*Data segment*
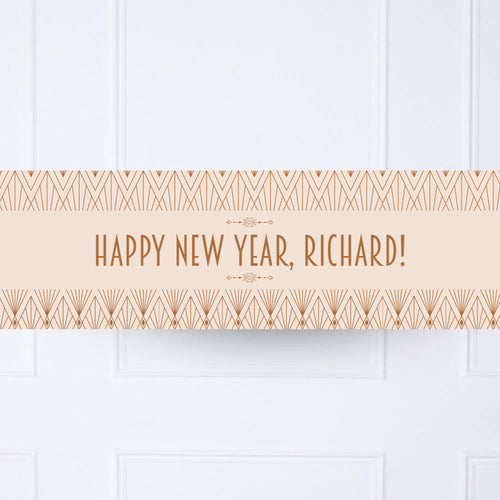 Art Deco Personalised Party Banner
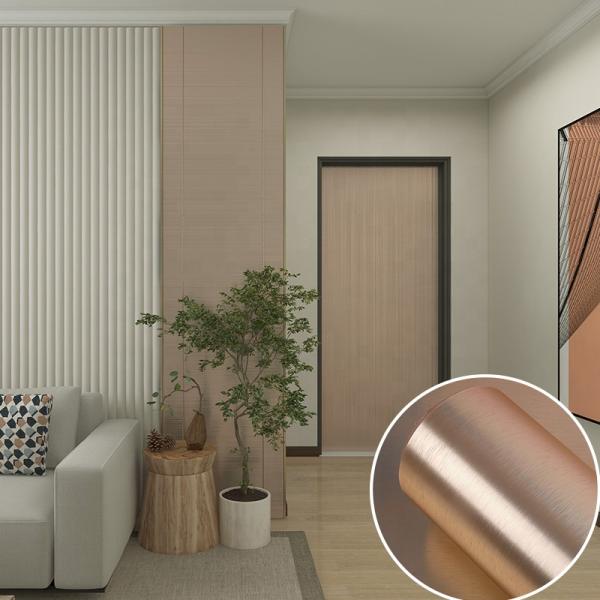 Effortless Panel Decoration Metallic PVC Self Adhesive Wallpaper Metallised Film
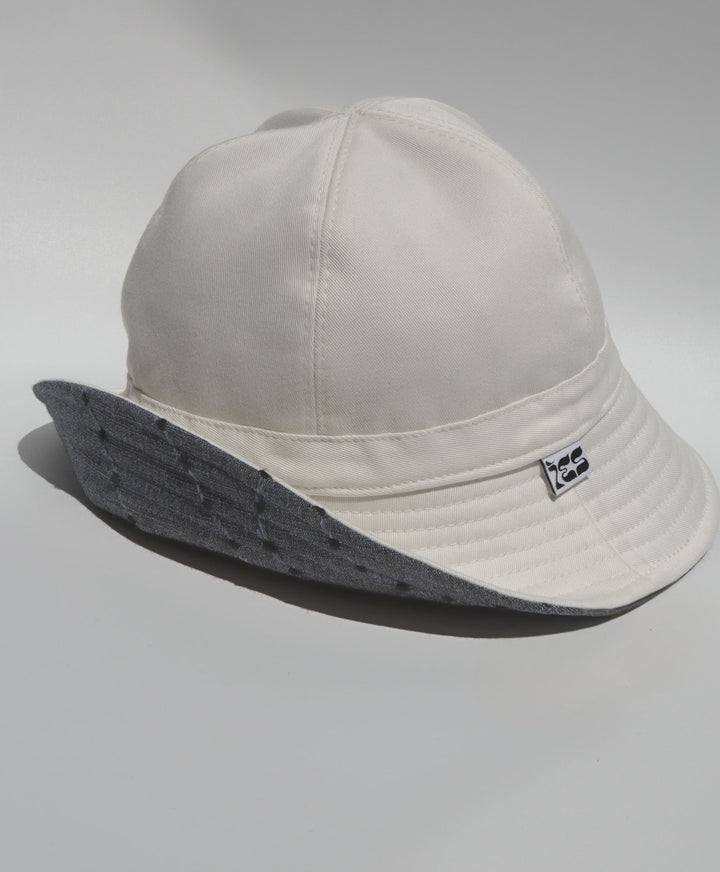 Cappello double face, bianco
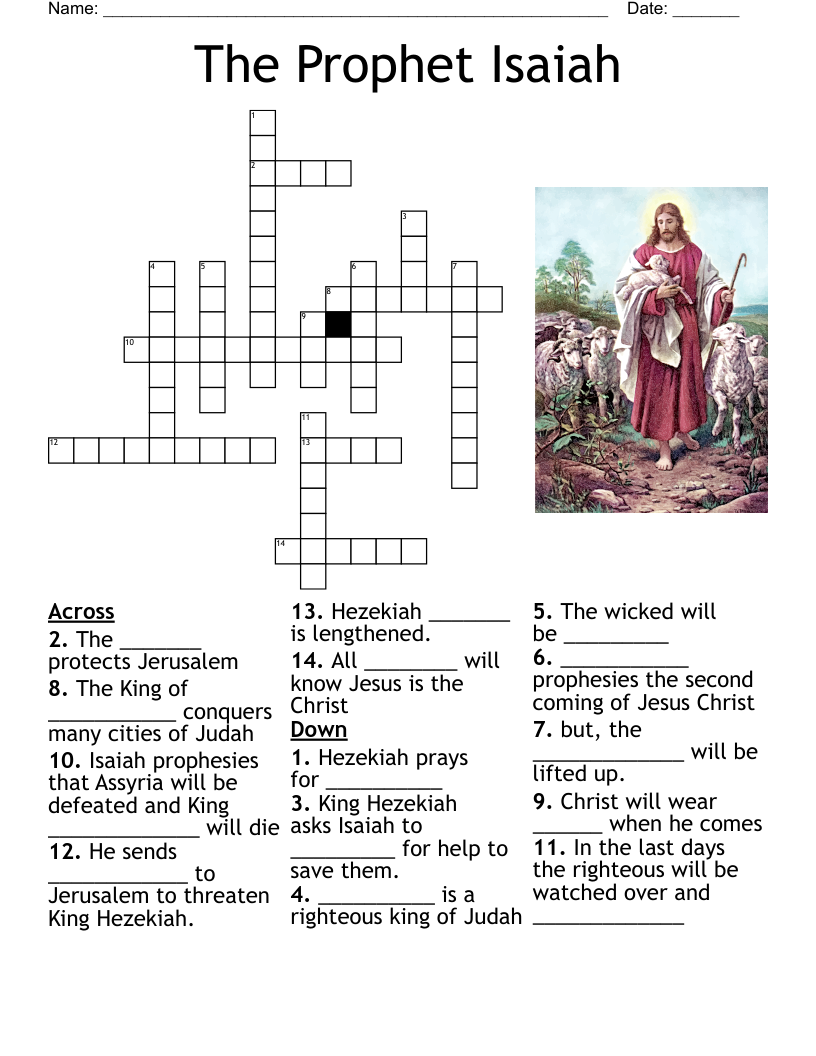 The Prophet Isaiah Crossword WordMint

*What to work on*
An exact repetition of the listing is needed, with the pictures dropped.

*Answer*
 Art Deco Personalised Party Banner
 Effortless Panel Decoration Metallic PVC Self Adhesive Wallpaper Metallised Film
 Cappello double face, bianco
 The Prophet Isaiah Crossword WordMint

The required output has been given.